Here are the lyrics, [3] whom I scorn as much as I applaud the others, and who make of their art a harmonious extravagance.

Next we see the authors of idylls and eclogues, who please even the people of the court, by the idea they give them of a certain tranquility which they do not have, and which they show to them in the situation of shepherds. [4]

Of all the authors we have seen, here are the most dangerous : they are those who sharpen epigrams, [5] which are nimble little arrows that make a deep wound inaccessible to remedies.

You see here the novels, which are kinds of poets, and who abuse the language both of the mind and of the heart ; who spend their lives pursuing nature, and always fail to find it ; and who invent heros who are as foreign there as winged dragons and centaurs.
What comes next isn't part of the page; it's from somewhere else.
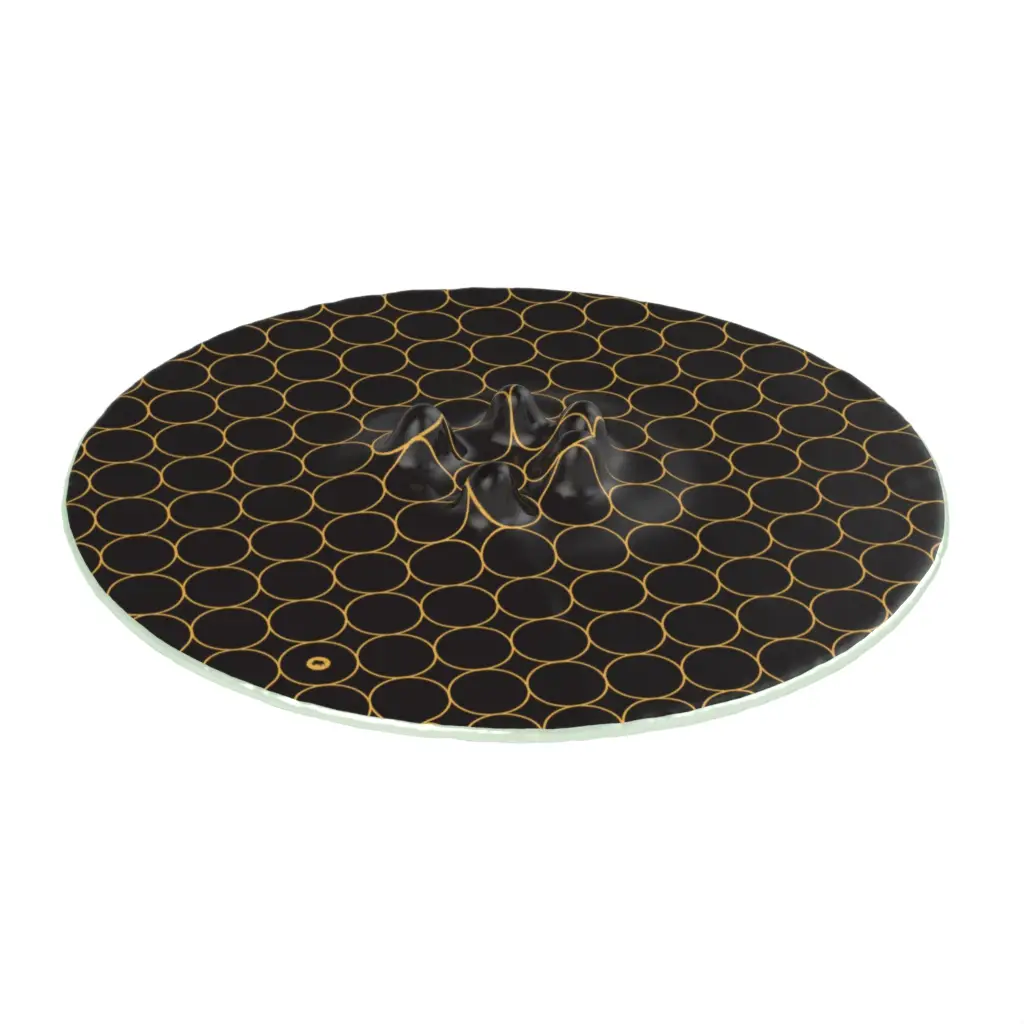 Canape Tray in Black - Catering Serveware - 3/4 View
I have seen some of your novels, I said, and if you saw ours, you would be even more appalled : they are just as unnatural, and besides extremely constrained by our ways : it takes ten years of passion before a suitor can even have seen the face of his mistress, yet authors are forced to make the readers go through these boring preliminaries. Now it is impossible for the incidents to be varied ; they have recourse to an artifice even worse than the disease they want to cure : it is to the supernatural. I am sure you will not approve of a enchantress bringing an army from underground, or a hero alone destroying an army of a hundred thousand men. Yet that is what our novels are ; we are bored by those cold and oft-repeated adventures, and revolted by those outlandish wonders. [6]

Paris this 6th day of the moon of Chalval 1719


[1The Iliad and the Odyssey, according to the most determined Homeric partisans.

[2This is an aspect of the quarrel of the Ancients and the Moderns. This is just the time when Voltaire was working on La Ligue (later La Henriade) completed in 1721 but used in readings all over Paris before that. It was published in 1727, accompanied by his Essay on Epic Poetry, which treats, notably, of Milton.

[3This designates particularly “old odes or stanzas that correspond to our airs or songs” (Encyclopédie, art. “Lyrique”, IX, 780), in other words Pindar above all, and after him Alcaeus, Sapho, Horace, or even the moderns Malherbe and Jean-Baptiste Rousseau (art. “Ode”, vol. XI, p. 346).

[4Allusion to the idylls and eclogues in the ancient manner, which Boileau celebrated in canto II of L’Art poétique.

[5Among epigramatists the Encyclopédie cites Martial and Piron (art. “Epigramme”, vol. V, p. 793).

[6Allusion both, it appears, to Antoine Galland’s Mille et Une Nuits, 1704, and to François Pétis de la Croix’s Les Mille et Un Jours, 1712.